ABPA is a chronic inflammatory airway disease caused by an allergic reaction to fungal species. Chest images of patients with ABPA show mucus plugs and central bronchiectasis [17]. ABPA is typically treated with corticosteroids, whose long-term use in this setting is associated with secondary infections, such as by nontuberculous mycobacteria and Pseudomonas aeruginosa [18]. By contrast, we are aware of only one report of MRSA pneumonia secondary to ABPA. In that case, the patient developed bilateral septic arthritis of the knees, but the genetic characteristics of the MRSA were not determined [19].
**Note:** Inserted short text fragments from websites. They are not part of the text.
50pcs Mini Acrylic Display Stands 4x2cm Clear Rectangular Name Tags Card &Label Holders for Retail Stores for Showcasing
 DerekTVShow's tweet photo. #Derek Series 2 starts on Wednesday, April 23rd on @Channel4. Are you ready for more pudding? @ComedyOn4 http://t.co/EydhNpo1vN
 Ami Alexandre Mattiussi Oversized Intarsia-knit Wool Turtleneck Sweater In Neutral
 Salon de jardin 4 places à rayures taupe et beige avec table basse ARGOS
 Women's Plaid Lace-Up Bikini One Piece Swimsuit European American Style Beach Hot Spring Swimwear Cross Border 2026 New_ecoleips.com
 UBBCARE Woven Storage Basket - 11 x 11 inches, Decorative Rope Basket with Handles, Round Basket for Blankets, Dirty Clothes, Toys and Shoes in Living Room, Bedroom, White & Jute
MRSA becomes established in the lower respiratory tract in patients with chronic lung diseases, such as chronic obstructive pulmonary disease. A disruption of the balance between host defenses and bacterial virulence can lead to infections, such as those resulting in pneumonia [20]. Our patient had ABPA for more than 20 years, and MRSA might have been present in the airway epithelium. While CA-MRSA pneumonia often becomes severe, our patient improved rapidly after a short period of vancomycin administration.

Conclusions

In summary, we reported a case of CA-MRSA pneumonia caused by a rare MRSA subclone in a patient with ABPA. As there have been few reports of MRSA-induced pneumonia associated with ABPA, the genetic and clinical features of the responsible bacterial strains are poorly understood. Therefore, we recommend accumulating genetic profiles of CA-MRSA pneumonia to identify genetic features and the clinical characteristics of the patients.